[Opening Records shown section]

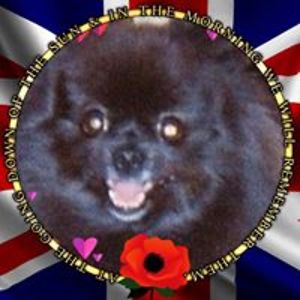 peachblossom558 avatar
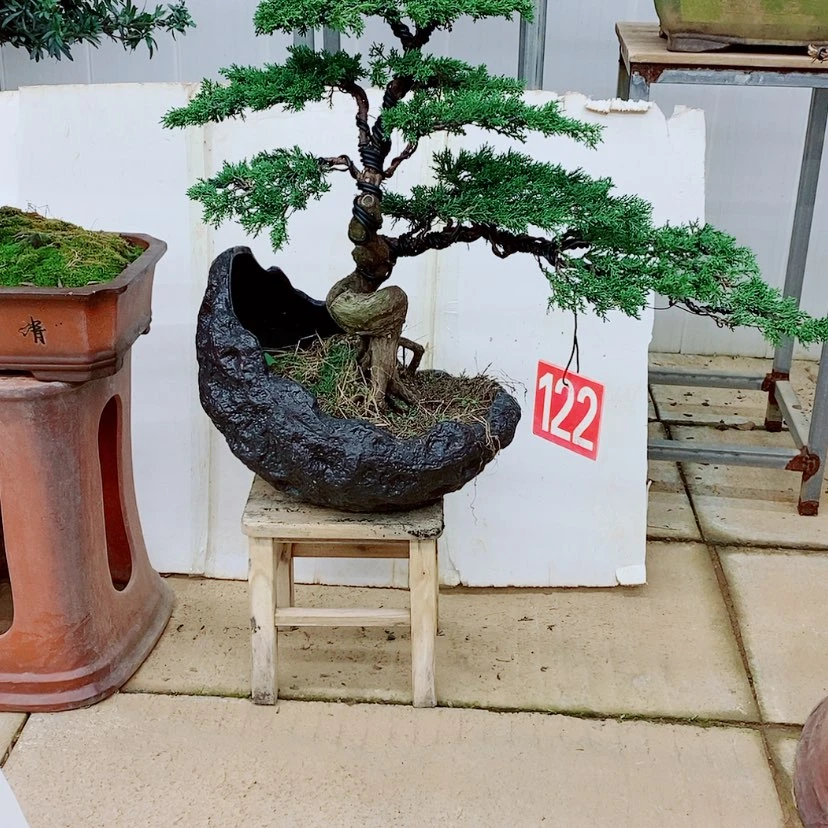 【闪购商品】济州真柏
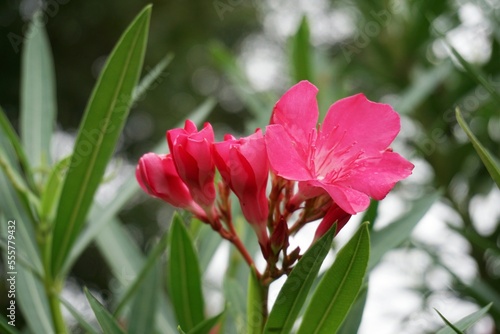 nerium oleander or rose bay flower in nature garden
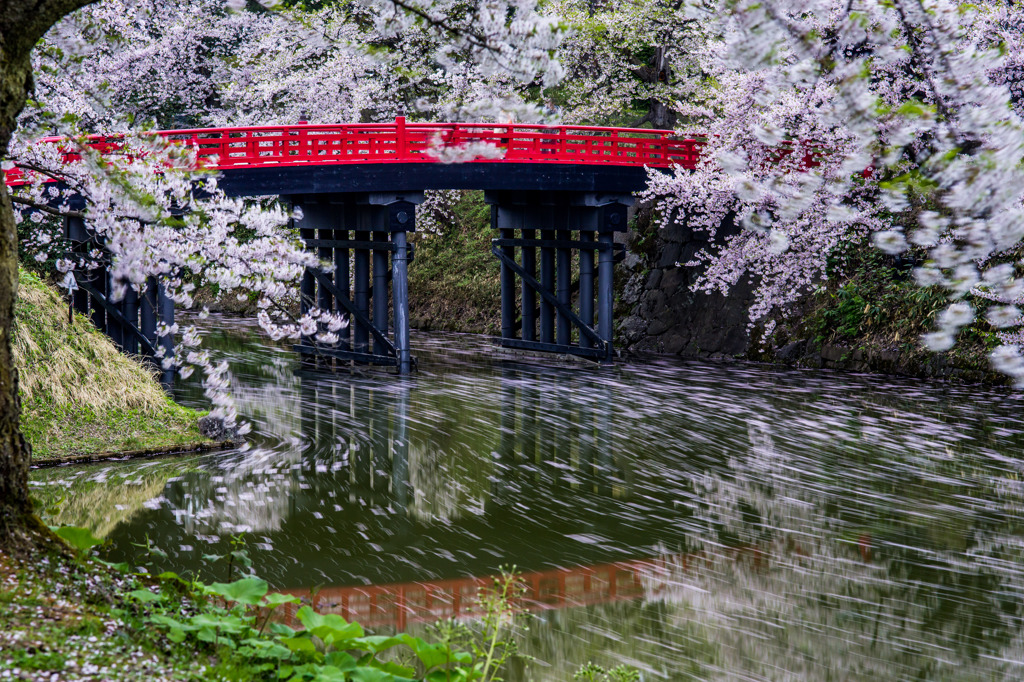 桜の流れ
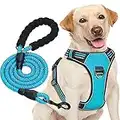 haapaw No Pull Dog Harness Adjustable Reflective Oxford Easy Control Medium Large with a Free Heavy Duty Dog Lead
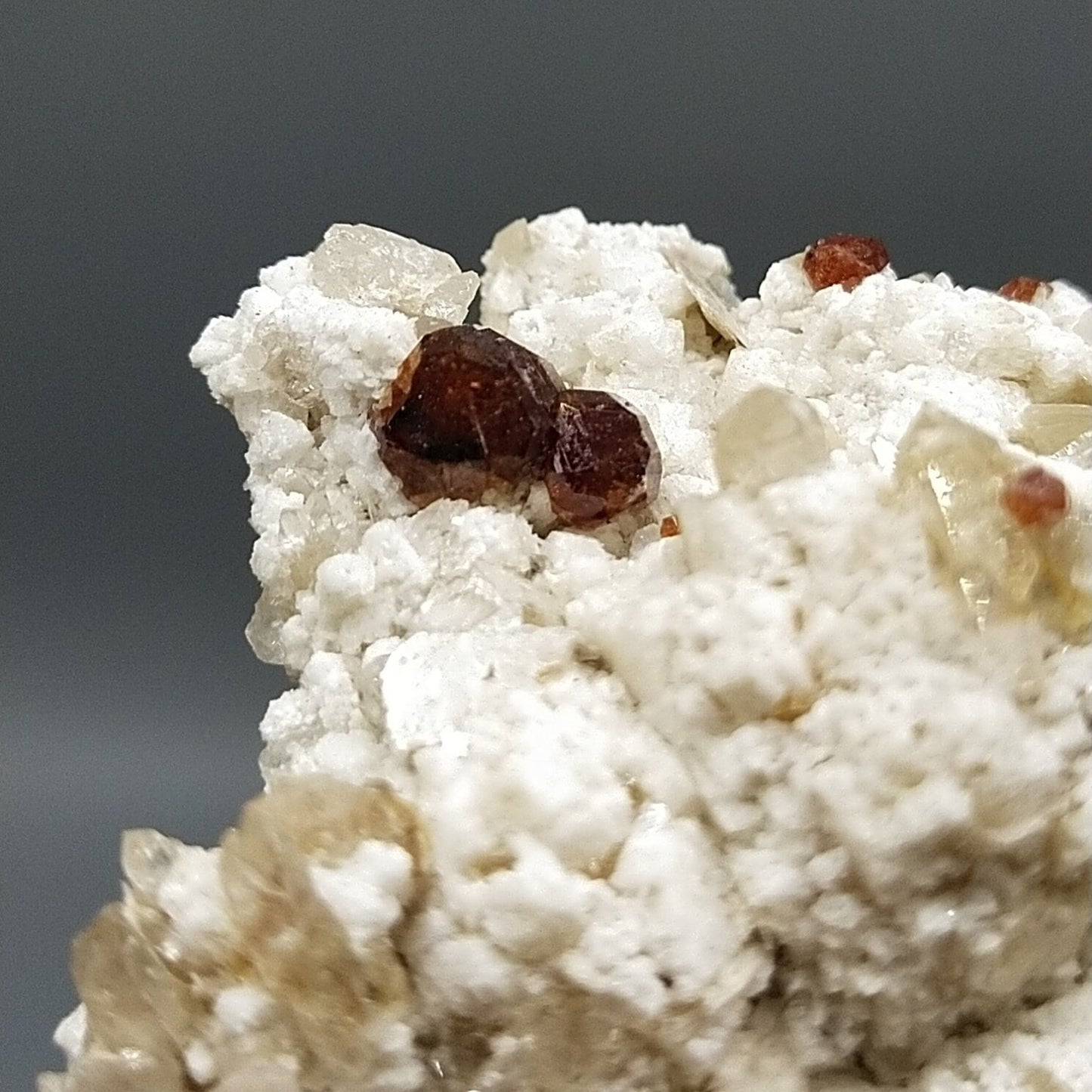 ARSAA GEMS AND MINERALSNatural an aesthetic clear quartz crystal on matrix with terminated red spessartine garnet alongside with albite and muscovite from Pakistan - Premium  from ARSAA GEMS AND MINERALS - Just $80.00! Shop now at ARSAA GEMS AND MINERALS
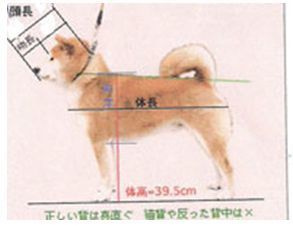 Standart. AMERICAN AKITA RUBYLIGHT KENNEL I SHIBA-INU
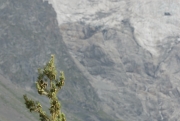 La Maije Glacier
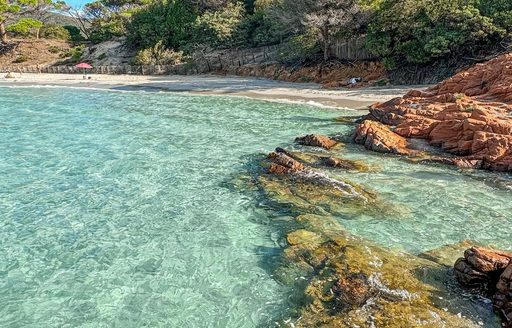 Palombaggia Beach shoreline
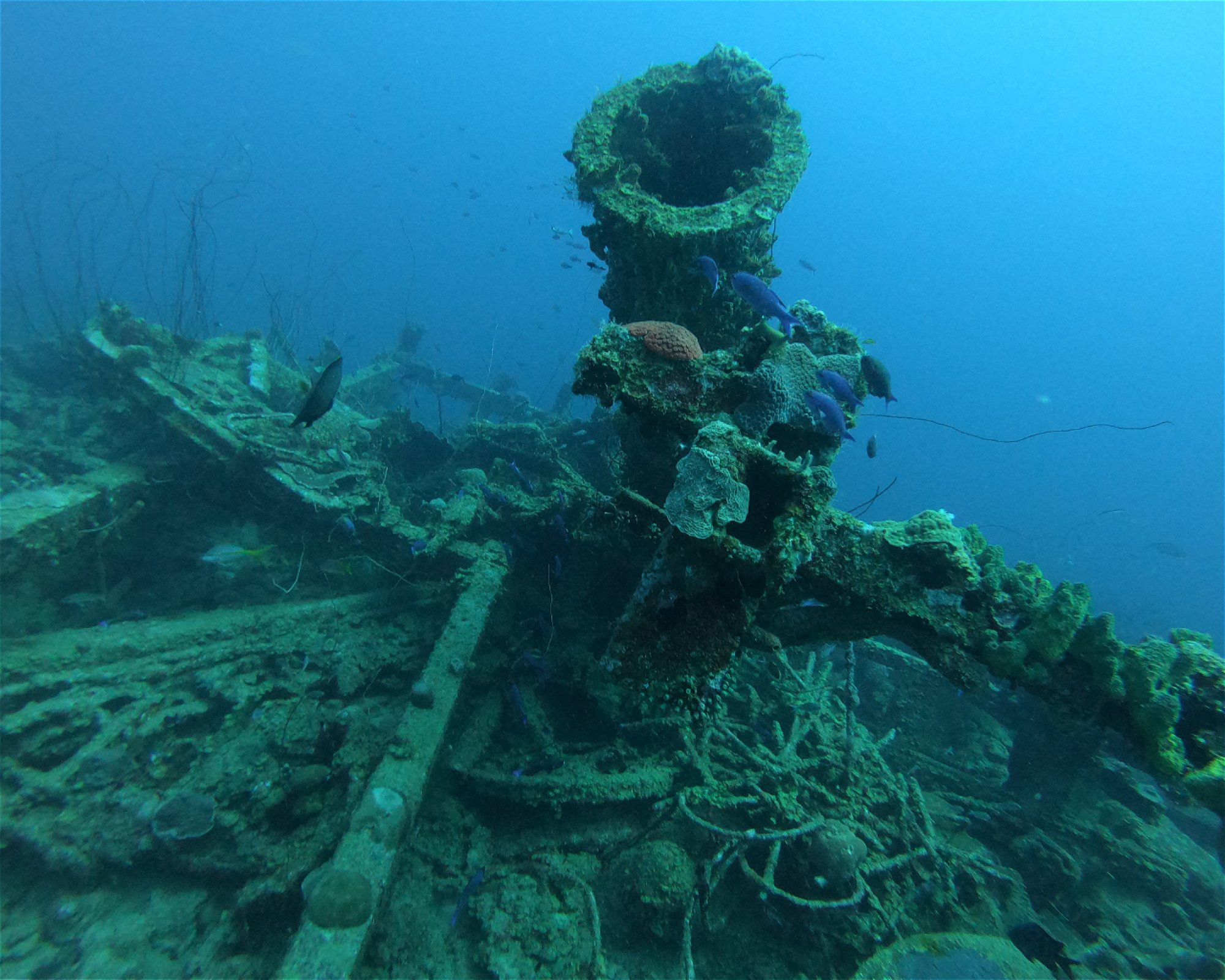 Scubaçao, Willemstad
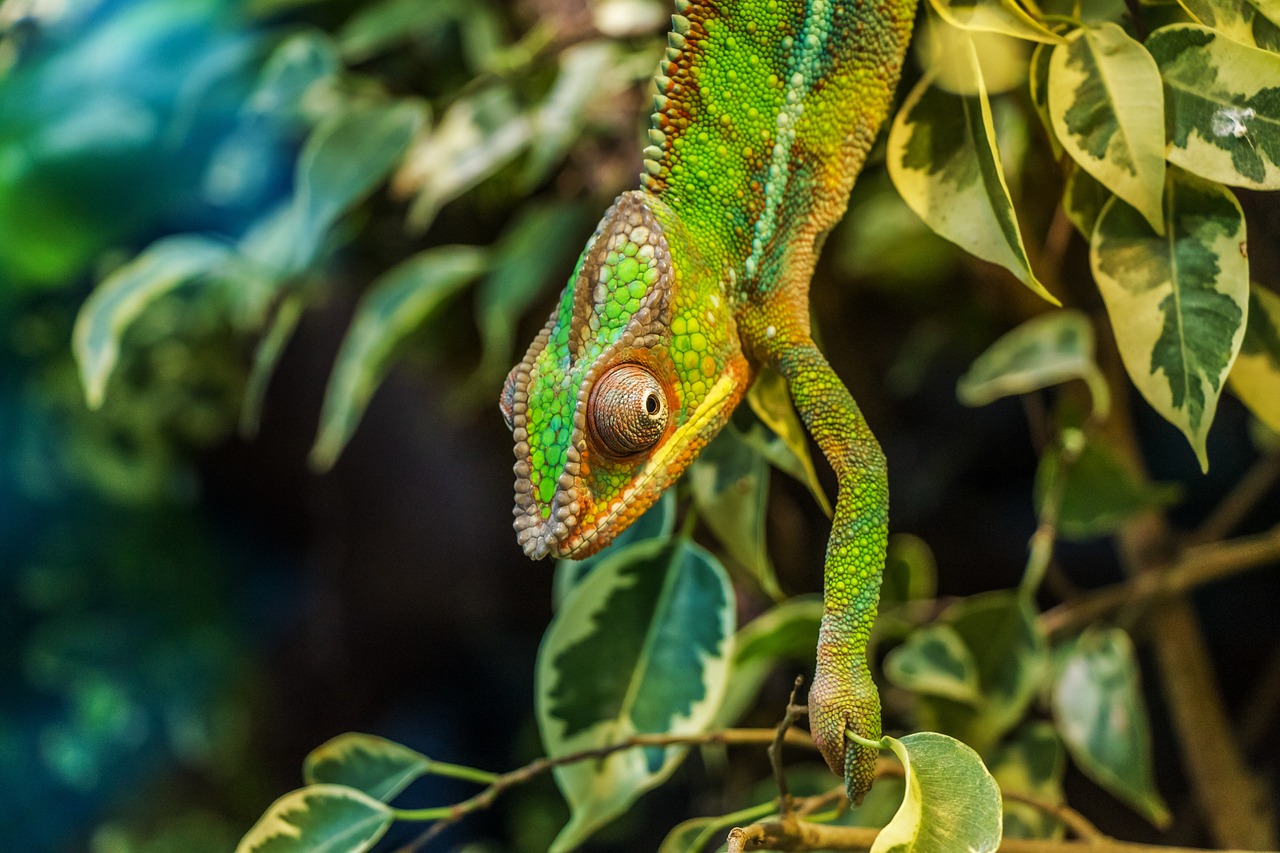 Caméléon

[Closing Records shown section]

→ Task instructions:
Reproduce every record word for word. The copy must contain no pictures.

→ Output below:
 peachblossom558 avatar
 【闪购商品】济州真柏
 nerium oleander or rose bay flower in nature garden
 桜の流れ
 haapaw No Pull Dog Harness Adjustable Reflective Oxford Easy Control Medium Large with a Free Heavy Duty Dog Lead
 ARSAA GEMS AND MINERALSNatural an aesthetic clear quartz crystal on matrix with terminated red spessartine garnet alongside with albite and muscovite from Pakistan - Premium  from ARSAA GEMS AND MINERALS - Just $80.00! Shop now at ARSAA GEMS AND MINERALS
 Standart. AMERICAN AKITA RUBYLIGHT KENNEL I SHIBA-INU
 La Maije Glacier
 Palombaggia Beach shoreline
 Scubaçao, Willemstad
 Caméléon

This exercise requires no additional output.